§ **WHAT IS REQUIRED**
The records below must be output exactly, without pictures.

§ **THE DATA**

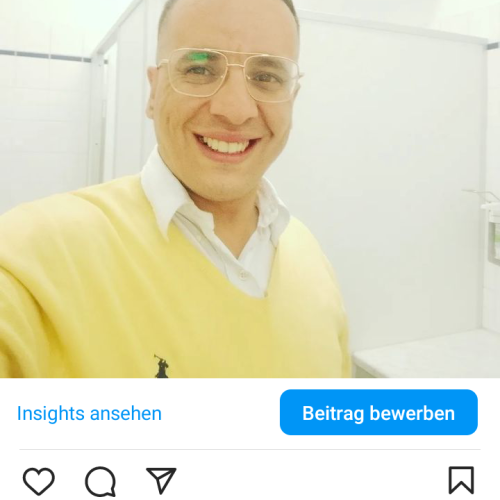 Khalid  I. profile photo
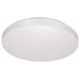 Настенно-потолочный светильник Sonex Smalli 3050/CL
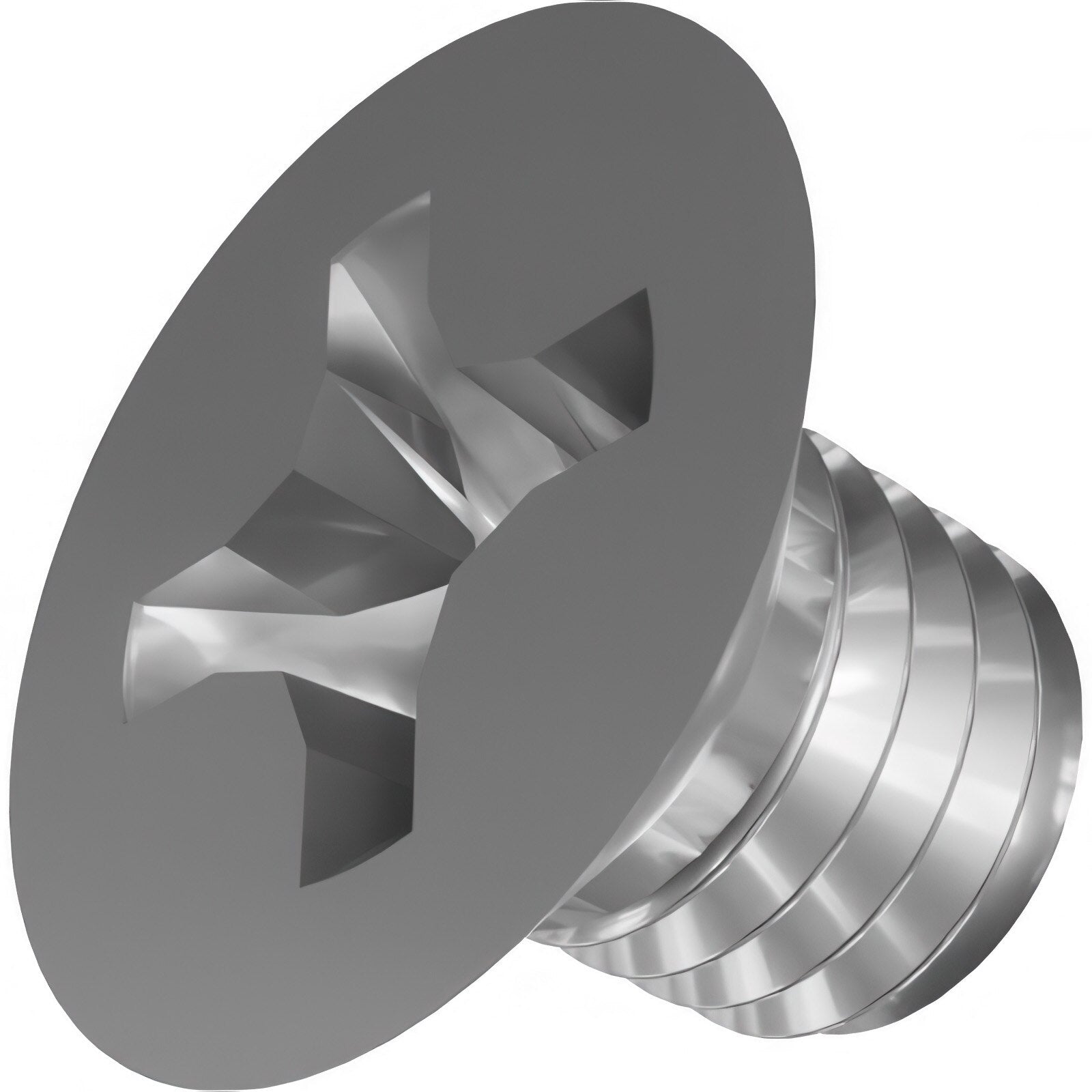 OEM Genie 1294006GT product image 4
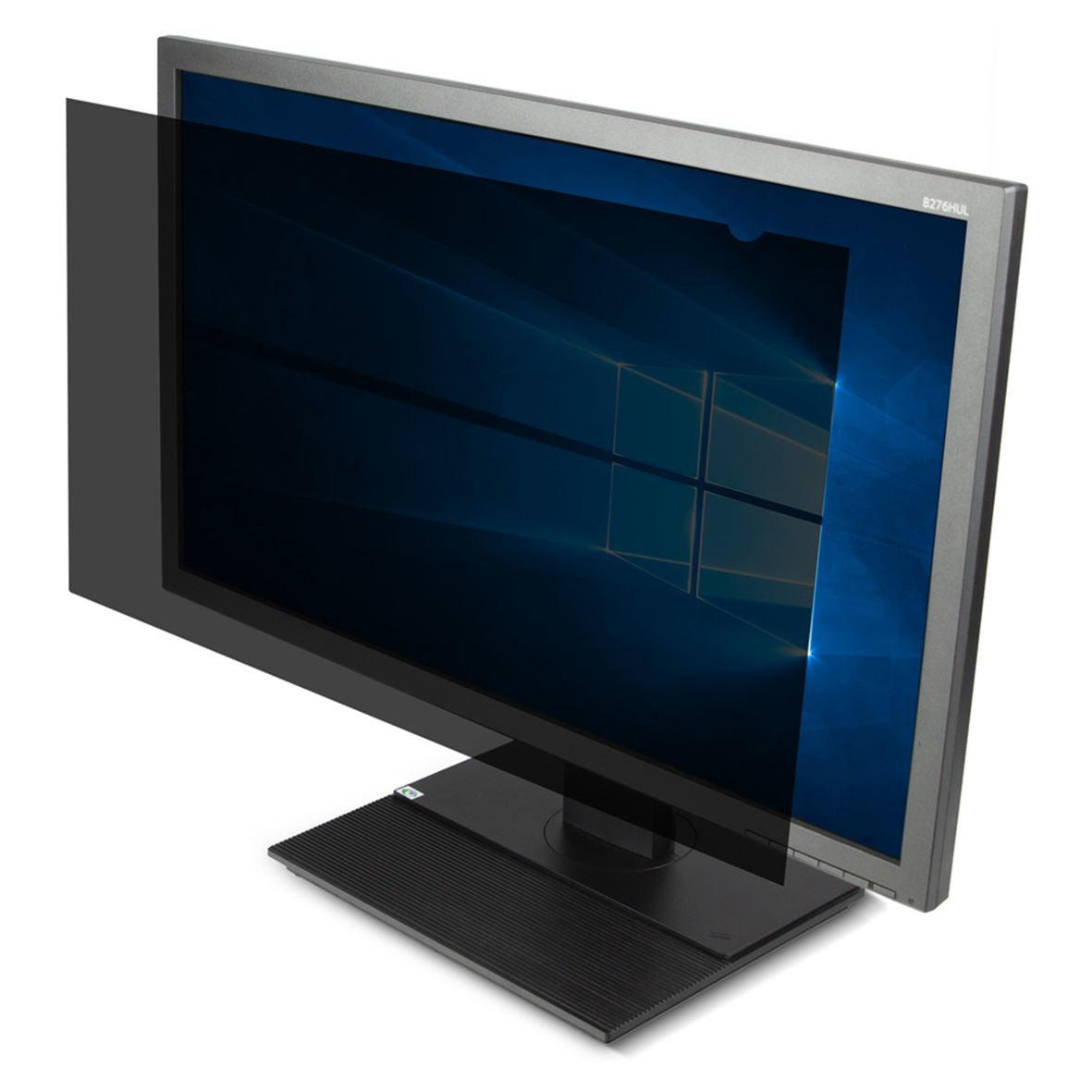 Privacy Screen 21.5in W 16:9 ASF215W9EU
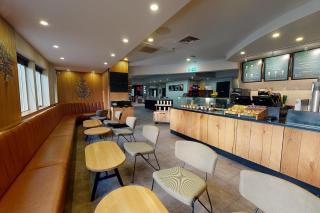 Village Hotel Maidstone - 1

§ **OUTPUT BELOW**
 Khalid  I. profile photo
 Настенно-потолочный светильник Sonex Smalli 3050/CL
 OEM Genie 1294006GT product image 4
 Privacy Screen 21.5in W 16:9 ASF215W9EU
 Village Hotel Maidstone - 1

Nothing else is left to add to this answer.